In the early 20th century, physicists were puzzled by experiments that suggested that at the atomic/subatomic scale, deterministic predictions were impossible. Early such experiments were the Stern-Gerlach experiment and the double-slit experiment. Although determinstic predictions weren't possible, physicists found that probabilistic predictions were. Let's take the double-slit experiment as an example. Although it was not possible to know where an electron would be measured to land on a screen after going through two tiny slits, the probability of it being measured to land at a certain location could be predicted.

Physicists such as Pauli, Dirac, Schrodinger, and Heisenberg developed the mathematics of this probabilistic physics, and it became known as quantum mechanics. Many physicists (such as Albert Einstein) did not believe that the universe was truly probabilistic--they felt that we just didn't know everything there was to know. Experiments later in the century seem to prove that the universe really is probabilistic. Almost all physicists now accept the probabilistic nature of the universe as a fact.
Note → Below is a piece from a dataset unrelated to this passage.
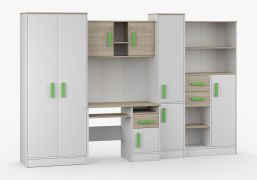 Armoire murale chambre enfant avec bureau | 300 x 52 x 196 cm | Blanc / Chêne | Grammasos 03 | 8 portes | 3 tiroirs | 19 niches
While in general we cannot give the precise location, velocity, etc. of a particle, we can write functions that give the probabilities of measuring certain values for those "observables." A very common and important example, called the wavefunction and denoted by Ψ(r), describes the probability of measuring a particle to be at any location r in space. This function could be spread out over all space (suggesting that the particle is completely delocalized) or it could be concentrated in a tiny area (suggesting the particle is quite localized). Since the function describes probability (more exactly, probability density), all we require is that its integral over all space be 1, meaning there's a 100% chance that we'll measure the particle to be somewhere. We could also write a function Φ(v) that tells us the probability of measuring a particle to have some velocity v.

The Heisenberg Uncertainty Principle

Finally we can discuss the Heisenberg Uncertainty Principle. Consider the function Ψ(r). We can find the average value of Ψ(r), (i.e. the average position measured for the particle if we could measure its position several times). Furthermore, we can find a value called the uncertainty that describes the average difference in magnitude between the result of an actual measurement and the average measurement result*. Similarly, we can find the uncertainty of Φ(v).

* Uncertainty is actually defined as the root mean square of the difference, since the absolute value function is difficult to work with.

The Heisenberg Uncertainty Principle states that the product of the uncertainty of Ψ and the uncertainty of Φ must be larger than a nonzero, universal constant (Planck's constant/4π*mass). Philosophically, this means that a particle can NEVER have a precise location and velocity at the same time! Certainly this is a surprising result to everybody, but is it any more weird than the simple fact that we have to resort to probability functions to describe the position of a particle?

In reality, the Heisenberg Uncertainty Principle is a more general mathematical inequality that governs the product of uncertainties for all pairs of physical observables. Other writeups in this node go into more detail about this.